Objective
To develop a new pediatric illness severity score, called Inpatient Triage, Assessment, and Treatment (ITAT), for resource-limited settings to identify hospitalized patients at highest risk of death and facilitate urgent clinical re-evaluation.
Methods
We performed a nested case-control study at a Malawian referral hospital. The ITAT score was derived from 4 equally-weighted variables, yielding a cumulative score between 0 and 8. Variables included oxygen saturation, temperature, and age-adjusted heart and respiratory rates. We compared the ITAT score between cases (deaths) and controls (discharges) in predicting death within 2 days. Our analysis includes predictive statistics, bivariable and multivariable logistic regression, and calculation of data-driven scores.
Results
A total of 54 cases and 161 controls were included in the analysis. The area under the receiver operating characteristic curve was 0.76. At an ITAT cutoff of 4, the sensitivity, specificity, and likelihood ratio were 0.44, 0.86, and 1.70, respectively.
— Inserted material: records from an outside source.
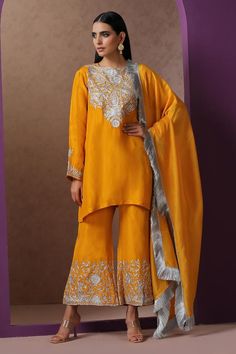 Mustard straight kurta with placement kashmiri tilla embroidery. Paired with a bell bottom pant with placement kashmiri tilla work. Comes along with a zari fringed dupatta.
Components: 3
Pattern: Embroidery
Type Of Work: Kashmiri Tilla
Neckline: Round Neck
Sleeve Type: Full Sleeves
Fabric: Silk, Organza, Lining: Cotton
Color: Yellow
Other Details: 
Length:
Kurta: 35 inches
Bell Bottom Pant: 38 inches
Approx. product weight: 1 kg
Model height: 5ft 7inches, wearing size S
Inner lining
Occasion: Sa Luxury Long Sleeve Churidar For Puja, Kashmiri Work Suits, Tilla Work Embroidery Suits, Kashmiri Embroidery Suits, Yellow Lehenga For Haldi, Gota Patti Suits, Tilla Embroidery, Punjabi Suit Boutique, Salwar Kameez Online Shopping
A cumulative ITAT score of 4 or higher was associated with increased odds of death (OR: 4.80; 95% CI: 2.39 – 9.64). A score of 2 for all individual vital signs was a statistically significant independent predictor of death.
Conclusions
We developed an inpatient triage tool (ITAT) appropriate for resource-constrained hospitals that identifies high-risk children after hospital admission. Further research is needed to study how best to operationalize ITAT in developing countries.